ECLI:NL:CRVB:2016:1514
Centrale Raad van Beroep
- Hoger beroep
- Rechtspraak.nl
Hoger beroep WIA-uitkering en arbeidsongeschiktheid van appellante
In deze zaak heeft de Centrale Raad van Beroep op 26 april 2016 uitspraak gedaan in het hoger beroep van appellante tegen de beslissing van de rechtbank Den Haag. Appellante had een WIA-uitkering aangevraagd, maar het Uwv had vastgesteld dat zij geen recht had op deze uitkering omdat zij op 1 januari 2002 niet verzekerd was. Appellante stelde dat zij sinds 26 september 2006 arbeidsongeschikt was door haar ziekte van Crohn. Het Uwv had echter in eerdere besluiten geconcludeerd dat er in 2006 geen arbeidsongeschiktheid was ingetreden die 104 weken had geduurd. De rechtbank had het beroep van appellante ongegrond verklaard, waarna zij in hoger beroep ging.

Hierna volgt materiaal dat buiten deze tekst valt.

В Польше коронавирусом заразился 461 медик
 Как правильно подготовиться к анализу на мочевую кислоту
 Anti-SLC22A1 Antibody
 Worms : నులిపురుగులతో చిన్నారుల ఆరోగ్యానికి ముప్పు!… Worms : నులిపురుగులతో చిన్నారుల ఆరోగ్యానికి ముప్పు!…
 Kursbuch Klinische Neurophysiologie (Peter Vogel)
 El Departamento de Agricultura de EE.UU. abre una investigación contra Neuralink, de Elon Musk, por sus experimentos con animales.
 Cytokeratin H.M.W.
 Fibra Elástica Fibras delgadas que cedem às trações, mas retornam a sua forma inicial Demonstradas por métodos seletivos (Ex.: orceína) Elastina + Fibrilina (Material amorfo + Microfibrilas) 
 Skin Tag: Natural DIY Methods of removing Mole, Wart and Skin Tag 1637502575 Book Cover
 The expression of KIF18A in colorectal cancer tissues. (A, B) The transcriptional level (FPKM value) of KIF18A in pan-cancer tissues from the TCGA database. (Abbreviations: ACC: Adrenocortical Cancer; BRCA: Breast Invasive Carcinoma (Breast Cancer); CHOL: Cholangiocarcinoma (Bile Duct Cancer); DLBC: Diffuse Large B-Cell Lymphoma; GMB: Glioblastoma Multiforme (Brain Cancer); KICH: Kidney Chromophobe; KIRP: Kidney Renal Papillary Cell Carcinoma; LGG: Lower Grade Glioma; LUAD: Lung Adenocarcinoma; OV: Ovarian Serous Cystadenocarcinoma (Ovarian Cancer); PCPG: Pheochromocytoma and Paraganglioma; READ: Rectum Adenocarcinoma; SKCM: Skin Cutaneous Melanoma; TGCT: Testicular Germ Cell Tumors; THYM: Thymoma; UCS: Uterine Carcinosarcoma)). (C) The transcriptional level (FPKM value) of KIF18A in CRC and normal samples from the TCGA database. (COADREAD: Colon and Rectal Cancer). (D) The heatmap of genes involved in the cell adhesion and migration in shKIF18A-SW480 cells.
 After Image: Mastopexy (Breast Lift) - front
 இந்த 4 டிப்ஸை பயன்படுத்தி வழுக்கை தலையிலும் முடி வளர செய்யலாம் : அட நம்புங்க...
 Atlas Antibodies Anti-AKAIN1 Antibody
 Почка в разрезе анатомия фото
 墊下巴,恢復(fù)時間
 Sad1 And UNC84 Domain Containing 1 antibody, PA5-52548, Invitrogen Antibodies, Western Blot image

Tijdens de zitting op 16 maart 2016 heeft appellante, bijgestaan door haar advocaat, haar standpunt toegelicht. Het Uwv heeft zich laten vertegenwoordigen door een medewerker. De Raad heeft de argumenten van beide partijen afgewogen en geconcludeerd dat appellante niet aan de voorwaarden voor een WIA-uitkering voldeed. De Raad oordeelde dat er geen medische informatie was die de claim van appellante over haar arbeidsongeschiktheid in 2006 ondersteunde. De Raad bevestigde de eerdere uitspraak van de rechtbank en verklaarde het hoger beroep ongegrond. Er was geen aanleiding voor een proceskostenveroordeling.